═════ Entries provided

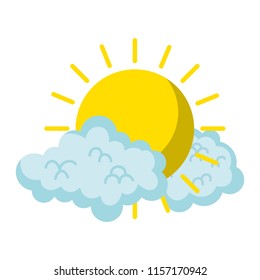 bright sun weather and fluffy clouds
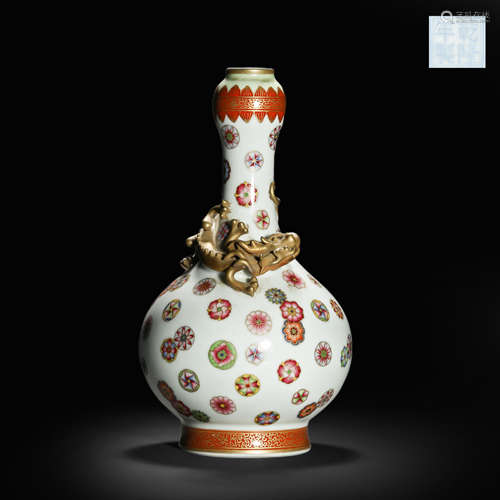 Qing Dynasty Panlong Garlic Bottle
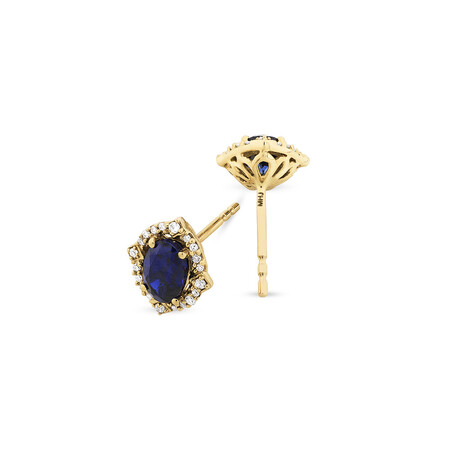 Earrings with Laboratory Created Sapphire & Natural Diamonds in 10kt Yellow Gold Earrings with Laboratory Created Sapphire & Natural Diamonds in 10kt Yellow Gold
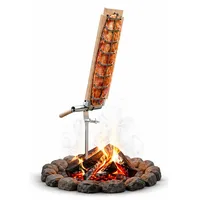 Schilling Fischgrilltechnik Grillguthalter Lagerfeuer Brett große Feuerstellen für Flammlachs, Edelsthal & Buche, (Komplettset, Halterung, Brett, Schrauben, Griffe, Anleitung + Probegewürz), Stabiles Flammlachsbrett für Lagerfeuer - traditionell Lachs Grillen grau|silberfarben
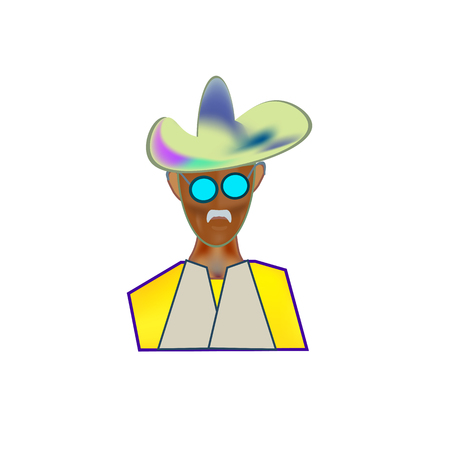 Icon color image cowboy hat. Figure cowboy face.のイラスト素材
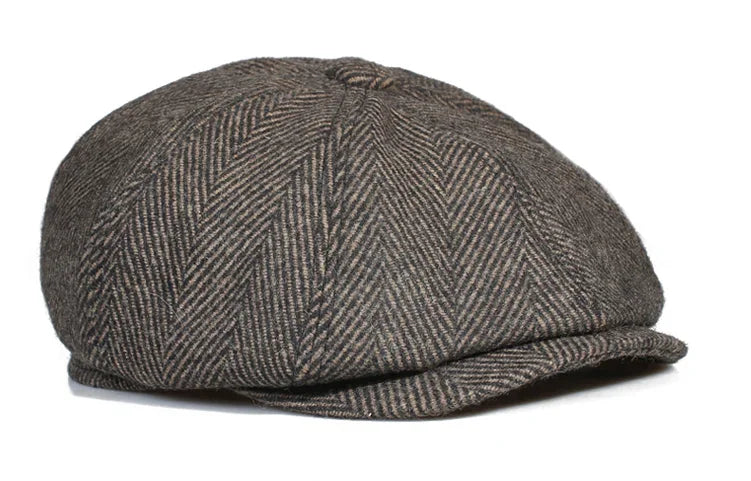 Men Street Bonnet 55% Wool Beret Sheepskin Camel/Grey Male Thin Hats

══════════

▶ [What the task requires] Each entry above should be written out again exactly, without its pictures.

▶ [Exercise response]
 bright sun weather and fluffy clouds
 Qing Dynasty Panlong Garlic Bottle
 Earrings with Laboratory Created Sapphire & Natural Diamonds in 10kt Yellow Gold Earrings with Laboratory Created Sapphire & Natural Diamonds in 10kt Yellow Gold
 Schilling Fischgrilltechnik Grillguthalter Lagerfeuer Brett große Feuerstellen für Flammlachs, Edelsthal & Buche, (Komplettset, Halterung, Brett, Schrauben, Griffe, Anleitung + Probegewürz), Stabiles Flammlachsbrett für Lagerfeuer - traditionell Lachs Grillen grau|silberfarben
 Icon color image cowboy hat. Figure cowboy face.のイラスト素材
 Men Street Bonnet 55% Wool Beret Sheepskin Camel/Grey Male Thin Hats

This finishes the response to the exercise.